Wraf: The Web Resource Application Framework is another RDF application framework, this time written in Perl. It also offers a web interface to RDF storage, editing and querying. Alpha-level software.

Applications

Mozilla: Uses RDF for its configuration files and contains a template-building technology, XUL, that can construct user interfaces populated with data from RDF data sources. A Javascript API for manipulation of those data sources is also available. External data sources can be integrated into Mozilla either by exposing them in the RDF syntax or by adding code to Mozilla conforming to its data source API.

RSS 1.0: This work on the next generation of web site metadata distribution employs RDF for its data model and syntax. Of particular interest is its use at the W3C, where XSLT is used to extract the RSS information from the front page. Dan Connolly has documented how this was done. If you want to experiment with scraping data from XHTML pages, this is an interesting starting point.

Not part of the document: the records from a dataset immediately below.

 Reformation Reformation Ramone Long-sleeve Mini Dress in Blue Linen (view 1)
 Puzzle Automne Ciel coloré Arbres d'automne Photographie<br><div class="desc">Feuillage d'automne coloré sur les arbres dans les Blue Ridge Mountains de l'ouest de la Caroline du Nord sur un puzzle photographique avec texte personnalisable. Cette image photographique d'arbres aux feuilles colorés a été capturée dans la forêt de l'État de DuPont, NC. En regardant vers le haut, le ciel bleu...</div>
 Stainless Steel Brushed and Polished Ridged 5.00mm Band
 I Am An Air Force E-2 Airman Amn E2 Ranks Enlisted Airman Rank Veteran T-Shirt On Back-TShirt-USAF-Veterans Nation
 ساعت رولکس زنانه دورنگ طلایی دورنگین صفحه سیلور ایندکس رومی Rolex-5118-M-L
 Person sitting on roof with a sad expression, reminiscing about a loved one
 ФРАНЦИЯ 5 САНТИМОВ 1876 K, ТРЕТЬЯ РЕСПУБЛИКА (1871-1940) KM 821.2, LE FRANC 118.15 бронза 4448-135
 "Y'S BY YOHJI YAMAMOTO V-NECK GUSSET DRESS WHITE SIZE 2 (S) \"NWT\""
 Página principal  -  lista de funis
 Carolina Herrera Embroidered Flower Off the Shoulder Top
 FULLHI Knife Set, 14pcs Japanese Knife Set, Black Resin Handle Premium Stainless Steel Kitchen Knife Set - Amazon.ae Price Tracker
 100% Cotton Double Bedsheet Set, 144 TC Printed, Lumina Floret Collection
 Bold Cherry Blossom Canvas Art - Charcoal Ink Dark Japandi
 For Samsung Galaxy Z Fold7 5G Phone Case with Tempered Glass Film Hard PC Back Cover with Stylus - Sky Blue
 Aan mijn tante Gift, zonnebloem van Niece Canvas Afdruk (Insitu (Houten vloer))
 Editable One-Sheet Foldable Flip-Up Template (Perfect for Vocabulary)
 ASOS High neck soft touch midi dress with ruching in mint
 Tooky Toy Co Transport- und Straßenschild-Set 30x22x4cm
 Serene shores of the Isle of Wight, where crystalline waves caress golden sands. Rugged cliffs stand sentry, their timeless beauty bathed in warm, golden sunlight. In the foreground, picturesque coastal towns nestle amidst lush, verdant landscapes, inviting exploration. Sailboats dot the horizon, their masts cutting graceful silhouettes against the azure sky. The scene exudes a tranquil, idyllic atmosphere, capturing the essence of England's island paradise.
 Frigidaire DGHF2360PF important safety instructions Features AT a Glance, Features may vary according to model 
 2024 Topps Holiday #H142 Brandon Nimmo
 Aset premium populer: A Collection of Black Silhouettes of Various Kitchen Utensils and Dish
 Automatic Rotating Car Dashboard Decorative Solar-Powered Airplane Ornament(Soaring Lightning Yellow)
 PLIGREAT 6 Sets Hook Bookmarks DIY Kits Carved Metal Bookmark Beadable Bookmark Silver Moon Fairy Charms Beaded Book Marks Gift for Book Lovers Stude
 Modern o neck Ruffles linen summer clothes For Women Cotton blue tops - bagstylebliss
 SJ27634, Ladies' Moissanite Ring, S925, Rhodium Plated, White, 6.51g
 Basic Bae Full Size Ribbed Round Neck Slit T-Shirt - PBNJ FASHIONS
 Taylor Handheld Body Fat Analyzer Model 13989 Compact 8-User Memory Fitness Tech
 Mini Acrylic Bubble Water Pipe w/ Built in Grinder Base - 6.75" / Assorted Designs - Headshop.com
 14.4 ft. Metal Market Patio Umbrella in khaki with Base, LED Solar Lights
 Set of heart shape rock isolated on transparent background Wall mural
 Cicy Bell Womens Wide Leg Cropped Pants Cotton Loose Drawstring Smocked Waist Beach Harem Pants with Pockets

Describing and retrieving photos using RDF and HTTP: This note, written by W3C staff, describes the creation of a system allowing the description and retrieval of photographs using RDF. The RDF itself is embedded in the comment portion of JPEG files using a custom editor application, and it's retrieved through an extension to a web server. This illustrates another good starting point for doing Semantic Web development using existing web technologies: attempting to combine this work with a framework such as Redfoot would be an interesting line of investigation.

The Future

The Semantic Web has already been the subject of much bluster among the XML developer community and will doubtless continue to be so. Arguments rage over the usefulness of the technology, the difficulty of using RDF, and so on. However, the Semantic Web vision of a machine-readable web has possibilities for application in most web technology -- while some complain about its lack of definition, its broad scope properly reflects the quietly radical effect it will have on the Web.